Logo no primeiro dia o pessoal brasileiro de construção da usina me avisou que eu devia chegar cedo ao refeitório, porque se chegasse tarde não encontraria muita coisa: os russos não se contentavam com o que comiam ali na hora e pegavam várias porções do iogurte, das frutas, dos sanduíches e levavam para o quarto. Os brasileiros observaram espantados. Achei na ocasião que os russos, recém-saídos do regime comunista e de um sistema de rações, estavam baratinados com a noção de propriedade, confusos entre propriedade privada e coletiva. Eu notara, também, uma loira bonitinha arrancando as flores da área comum do acampamento e levando seu ramalhete. Era contratada da empresa russa e namorada do coronel irlandês que chefiava o componente militar da operação da ONU na província de Malange, igualmente hóspede da Odebrecht.
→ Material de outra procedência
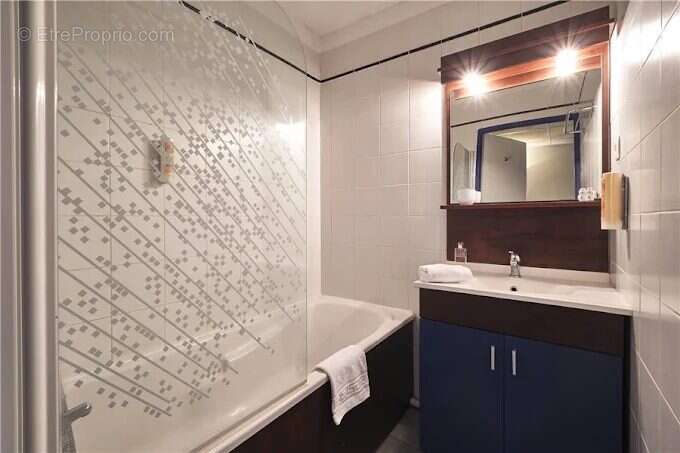 Appartement 55 m² à Carcassonne  - photo 3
Assim como o pessoal de construção da Usina de Capanda, os militares e PMs já estavam há mais tempo na região. Os militares de muitos países, inclusive uma elevada proporção de brasileiros, haviam chegado muitos meses antes dos OEs civis. O trabalho dos OEs só foi possível por causa do componente militar (350 militares) e de polícia (126 monitores) que já estavam lá antes das eleições como parte dos acordos para a Comissão Conjunta Política Militar, além de 155 encarregados angolanos envolvidos. O pessoal militar e da polícia foi incorporado na observação eleitoral: já tinham examinado as estradas, detectado se não havia minas enterradas, e verificado a localização dos postos eleitorais. E verificado muita coisa mais. Um coronel do Congo, bonachão e do tipo sedutor, contou-me que existia compra e venda de diamantes, informal. Acho que não era entre OEs, para quem isso estava expressamente proibido, no treinamento em Luanda até havia sido avisado que “se algum OE fosse preso por negociar diamantes não deveria esperar ajuda da ONU”.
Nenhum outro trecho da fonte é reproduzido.